Viewing the artist’s stunning work, I questioned the title of a painting: ‘8106-9108’, worked on ink and acrylic on board. Farid explains, “It had to do with the numbers 1,0,8, which can be reversed without losing identity, and number 6 which reversed becomes number 9 and vice versa, while numbers 23457, cannot be played with.”

The painting titled, ‘Gestalt’ began as a shape resembling body organs, but while working on the acrylic piece, he began to muse on his admiration for Zubeida Agha which led to a profusion of playful coloured objects softening the original concept.

‘Montmatre 1982’, encapsulated the artist’s first memorable visit to Paris, where in the artist quarter, an artist tips his hat to passing ladies while his friends stagger under the weight of canvases while helping him to change studios.

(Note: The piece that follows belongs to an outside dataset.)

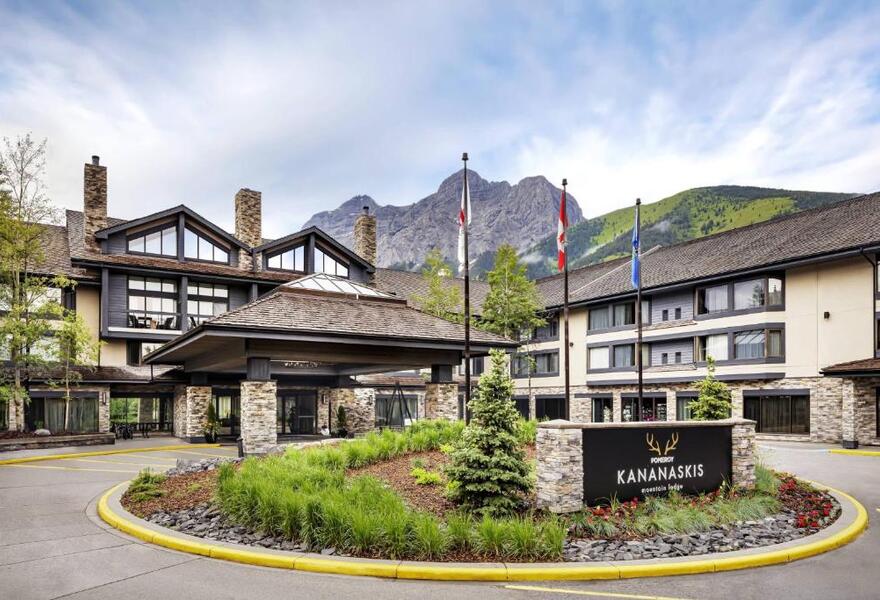 Kananaskis Mountain Lodge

There is a painting inspired by the novel Grand Hotel by Vicki Baum that the artist read at the age of 13.

Outstanding in a display of (for this scribe) mind-blowing, unique and highly personal artworks, one discovers a large-scaled, marvellous expression of the artist’s uncertainty of life in general titled, ‘Fuition’. Here in a border of bright strong lines is a beautiful, winged woman, looking down with a tantalising expression upon the decaying pyramids and effigies of long gone pharaohs. Down below a small, seemingly metallic figure carrying tools looks up pleadingly at Lady Luck, who playfully bounces good fortune up and down but always out of reach of the hopeful oddity.

Farid is an artist who is totally taken up by art, thinking about it, experimenting, expressing his feelings and documenting perceptions. His exhibition consisted of a collection of 27 mixed media artworks, each one speaking volumes; but as the artist exclaims; “I just paint them and leave the psychoanalysis to others.”